La FIGC sta cercando di migliorare l’organizzazione interna del calcio giovanile nazionale, permettendo la creazione delle squadre B e istituendo i centri federali in ogni regione.

La strada per arrivare al livello di Spagna, Francia, Inghilterra e Germania, è ancora lunga, ma è indubbio che si siano fatti dei passi avanti significativi per favorire la crescita dei talenti italiani del calcio.
Noi di WFS abbiamo voluto fare una piccola panoramica dei giovani talenti italiani del calcio dei prossimi anni, prendendo in considerazione solo i “millennials”.

La Juventus fornirà alla nazionale del futuro alcuni prospetti dalle indubbie qualità. Tra questi figura sicuramente l’attaccante classe 2000 Moise Kean, già punto di forza dell’Under 21, ma anche il difensore del 2000 Paolo Gozzi e il trequartista del 2001 Nicolò Fagioli.

Il Napoli ha tra le proprie file il trequartista classe 2000 Gianluca Gaetano, finora poco preso in considerazione dai vari C.T, ma comunque dotato di una tecnica individuale al di sopra della media.

La Roma può fornire alle diverse selezioni azzurre alcuni dei migliori talenti del calcio italiano: il terzino destro Devid Bouah (2001), purtroppo infortunatosi recentemente, il trequartista veloce e tecnico Alessio Riccardi (2001), il jolly Jean Freddi Greco (2001), l’ala Gianmarco Cangiano (2001) e il terzino sinistro/difensore centrale Riccardo Calafiori (2002), anche lui al momento fermo ai box per infortunio.

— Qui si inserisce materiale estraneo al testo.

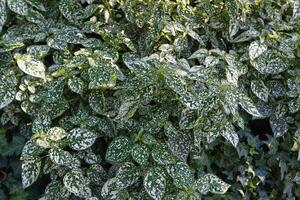 beautifully arranged background of leaves is natural pattern of leaves that occurs by itself and background images of leaves are also commonly used for adding text onto empty space of the background photo
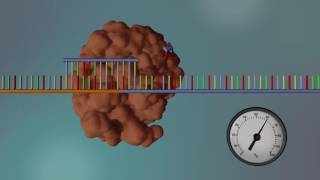 DNA Sequencing  3D [upl. by Rickey88]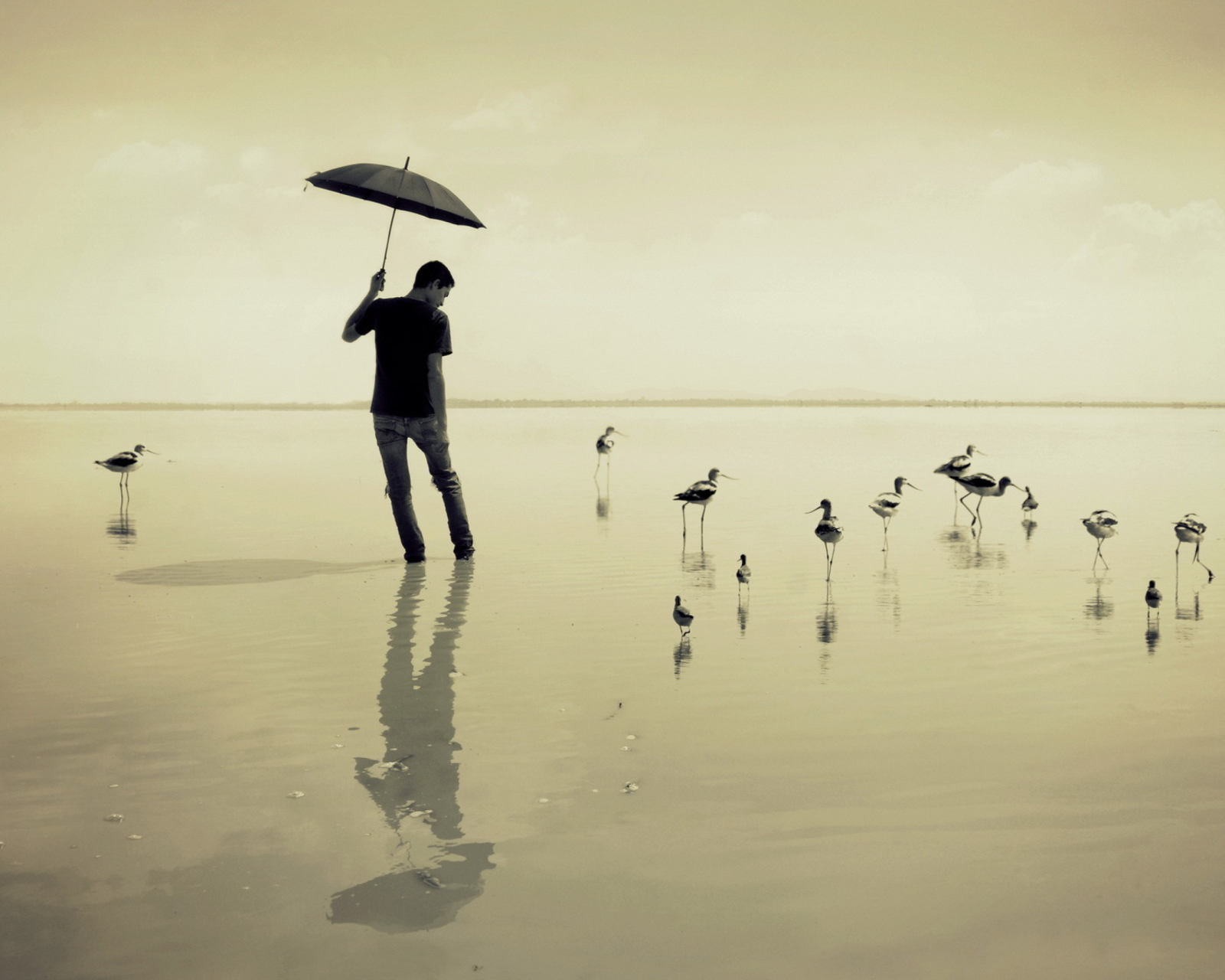 Das Guy With Umbrella And Bird Lake Wallpaper 1600x1280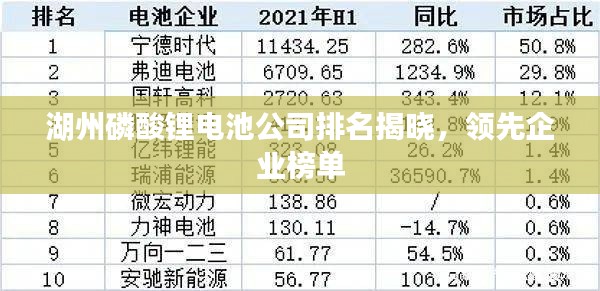 湖州磷酸锂电池公司排名揭晓，领先企业榜单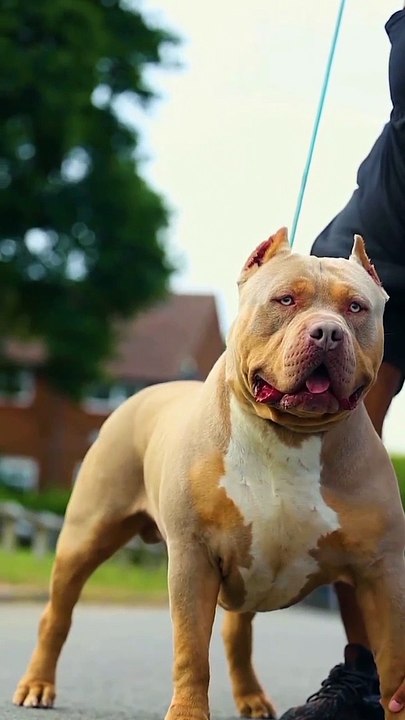 Respect for dog 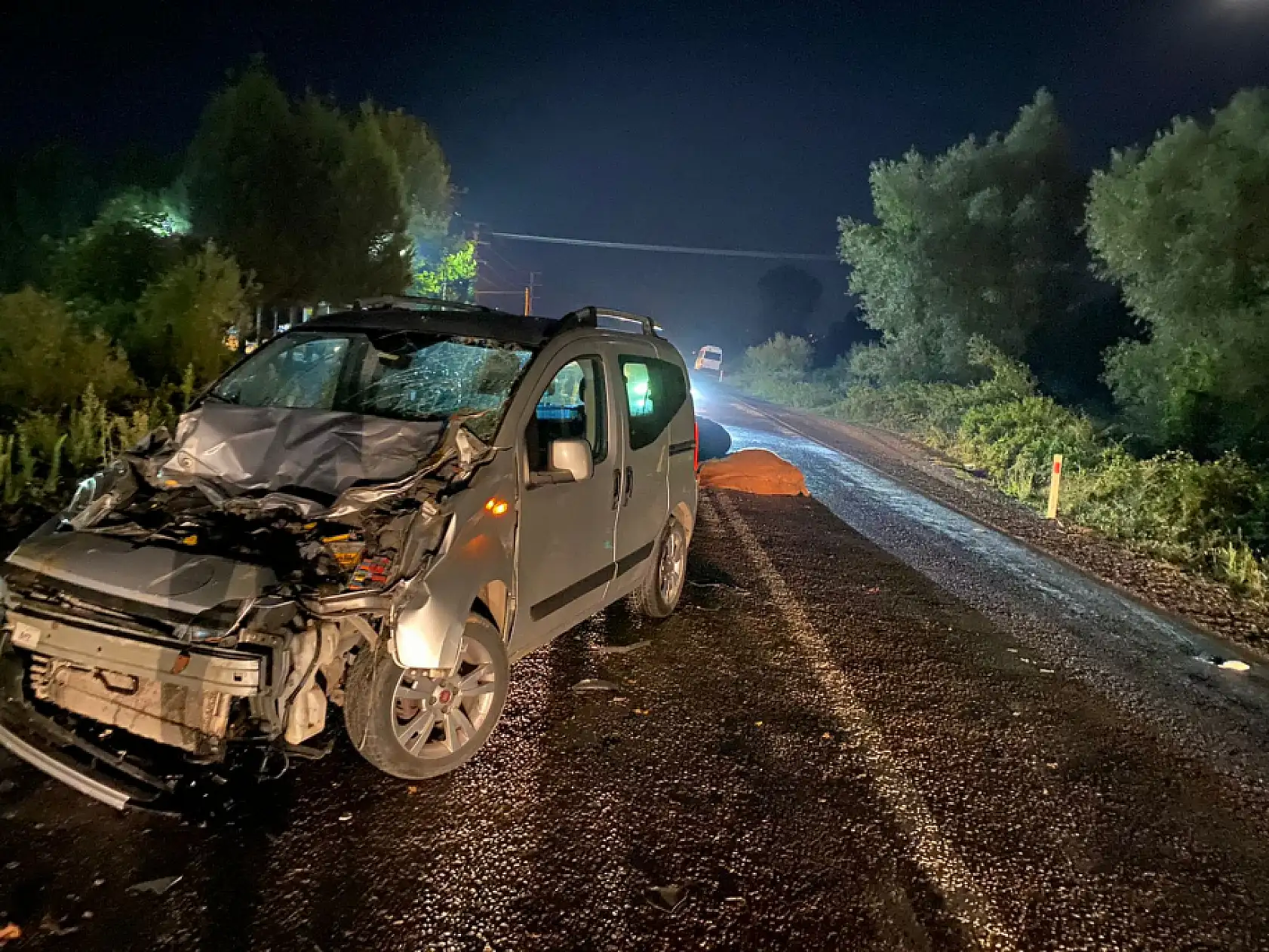 Üç hayvana birden çarptı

L’Inter ha nell’organico della Primavera Eddy Salcedo (2001), potente e tecnica ala sinistra di origini colombiane ma di passaporto italiano. Da seguire il regista mancino Marco Pompetti (2000), che i nerazzurri hanno prelevato due anni fa dal Pescara.

Il Milan può dare alla futura nazionale italiana un altro portiere, il classe 2000 Alessandro Plizzari, oltre al terzino destro Raoul Bellanova (2000).
La Lazio ha nella propria formazione Primavera il capitano della nazionale Under 17 vicecampione d’Europa, Nicolò Armini (2001), difensore tecnico e di personalità, già esordiente in Europa League.

Il Genoa ha lavorato molto bene, producendo molti dei migliori talenti del calcio italiano degli ultimi anni, giocatori che sicuramente potranno avere un buon futuro nel calcio. Alcuni sono stati ceduti, come il 2001 Pietro Pellegri al Monaco e il coetaneo Salcedo all’Inter, ma un altro interessante prospetto è rimasto sotto la Lanterna. Stiamo parlando di Nicolò Rovella (2001) centrocampista con compiti di regia, anche lui vicecampione europeo con l’U17 i indubbiamente uno dei migliori talenti italiani nel calcio del 2000.